FTSE 100: Key 7,200 Zone
The internet serves us, or indeed, overserves us with “expert” analysis of major stocks and markets from a technical perspective these days. However, sometimes, as in now, the pitch is queered by those with something to sell, or something to prove.
But in the case of the FTSE 100 the position on the daily chart can be simplified to a broken mildly rising trendline up to 7,200. What the bulls – who are heavily in denial at the moment – really need to dig themselves out of last week’s ambush, is an end of day close back above 7,200 as a minimum.
Indeed, only back above 7,550 really negates the cliff edge formation of the past week. The equivalent lines in the sand for the Dow and Dax are 24,450 and 12,520, with the view here being that if they are not conquered over the next 24 hours it is probably curtains for the great bull run. Keep in mind the word “if”, even though as things stand it looks as though the bulls have a done deal.
National Grid (NG.):
Perhaps the only thing worse than being in one of the most dull stock on the London market, is to be on the wrong side of such a company’s share price. For bulls looking to enjoy a defensive position at a rocky time, this group has not exactly delivered the goods.
Indeed, the present position on the daily chart suggests that even though the stock is horrifically oversold at RSI 16/100, we could still suffer a probe to the floor of the 2016 price channel of 440p.

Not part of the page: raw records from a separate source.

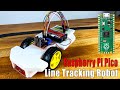 How to make a Line Tracking robot with Raspberry Pi Pico board | Line following robot #sritu_hobby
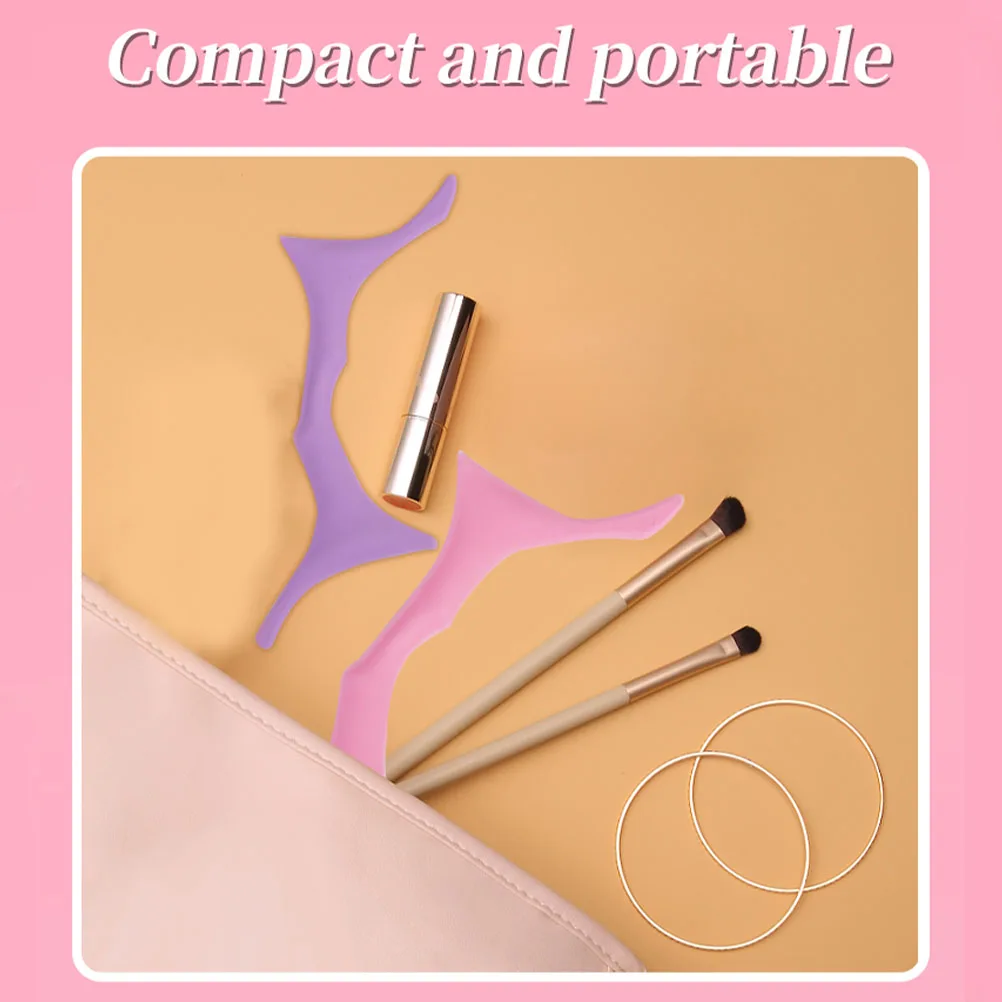 

Silicone Eyebrow Makeup Tools Pink Brow Shaping Template Ensures Symmetrical Brows Beautiful Shape Stencil For Women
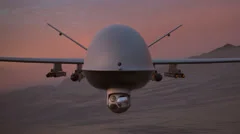 Armed Military Predator Drone. Uav Bomb Spy
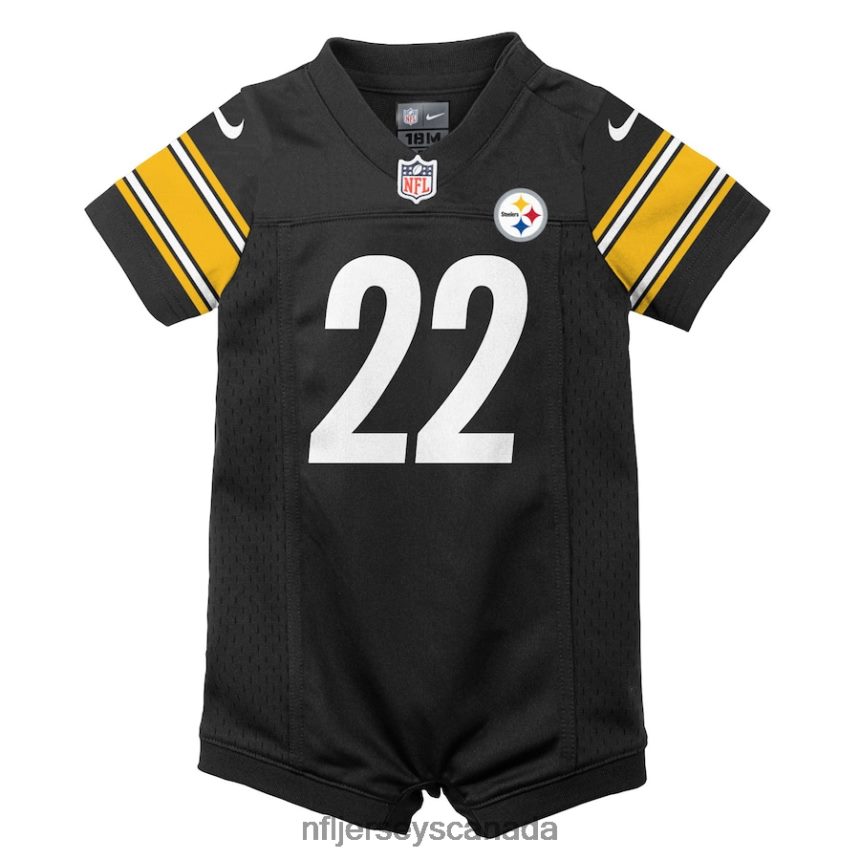 Kids Pittsburgh Steelers Najee Harris Nike Black Game Romper Jersey Clothing NFL TBXFR62376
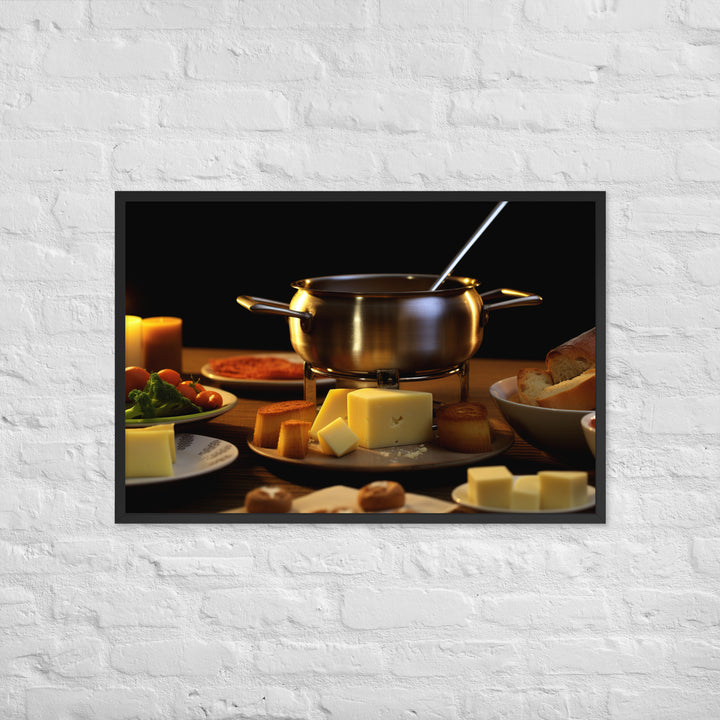 Cheese Fondue Framed poster 🤤 from Yumify.AI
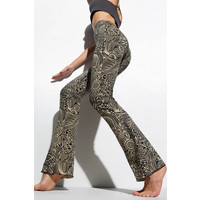Flare Legging Cream Zwart Tribal Super Hoge Taille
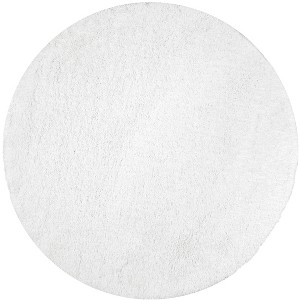 Nuloom Gynel Solid 5 Round Shag Area Rug for Living Room Bedroom Dining Room Nursery, Snow White - 1 of 4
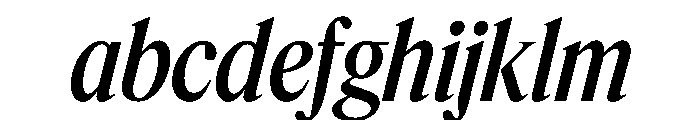 Feature Display Condensed Medium Italic FONT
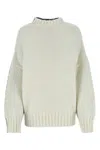 Jw Anderson Women's Two-tone Acrylic Blend Sweater | Size Small | Kw1018yn0272 Color 903 In Multicoloured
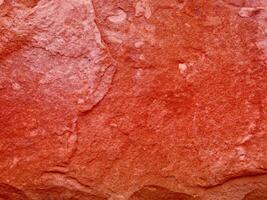 Texture Of Red Stone In The Garden photo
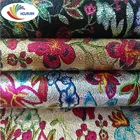 flowers printing pattern pu synthetic leather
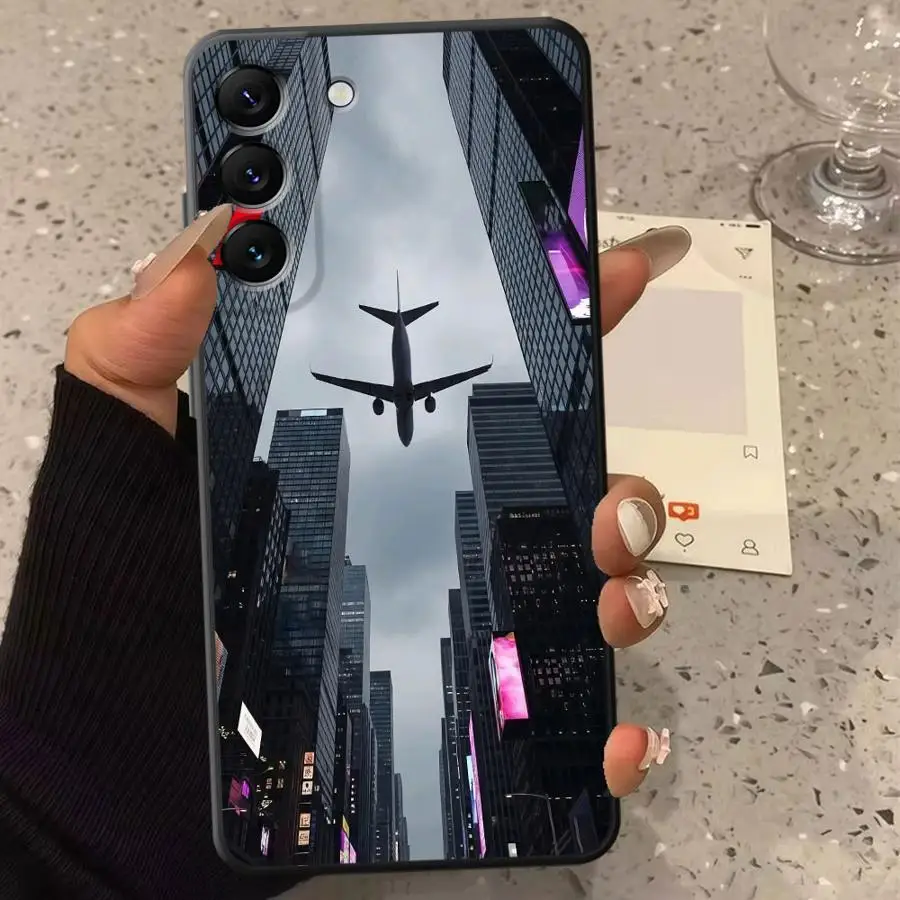 Phone Cover Case for Samsung Galaxy A06 A53 A02s A30s A03 A50 A56 A71 A73 A05 A20s A04 Aircraft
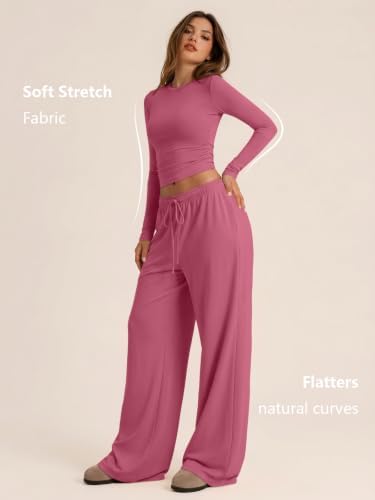 Trendy Queen Women's 2 Piece 2026 Fall Fashion Lounge Set with Pockets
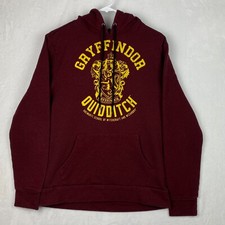 Harry Potter Gryffindor Quidditch Sweater Adult Small Maroon Hoodie Sweatshirt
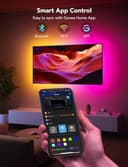 Govee LED TV Backlight, 2.4M RGBIC Backlight for 40-50 inch TV, Smart LED Strip with Bluetooth Wi-Fi and App Control, Works with Alexa and Google Assistant, Music Sync, 76 Profiles - 4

Indeed, there could be a downside overshoot towards 720p – 730p intraday as a worst case scenario. Otherwise, above 740p one would at least hope for a dead cat bounce back to fill the initial February gap to the downside through 780p by the end of this month.
RELX Group (REL):
RELX (what a bad name for a company, or anything else for that matter) is another cliff edge chart with an ultra low RSI, and boasts not one but two unfilled gaps to the downside in the recent past. This should mean we are looking at the selling climax of the recent move, especially with the RSI at 12/100. However, it can be seen from the trajectory of the May price channel floor there is the risk of a further dip towards 1,400p over the next 2-4 weeks.
This is even if after that we are treated to a rebound back towards the former October 2016 peak at 514p soon after that.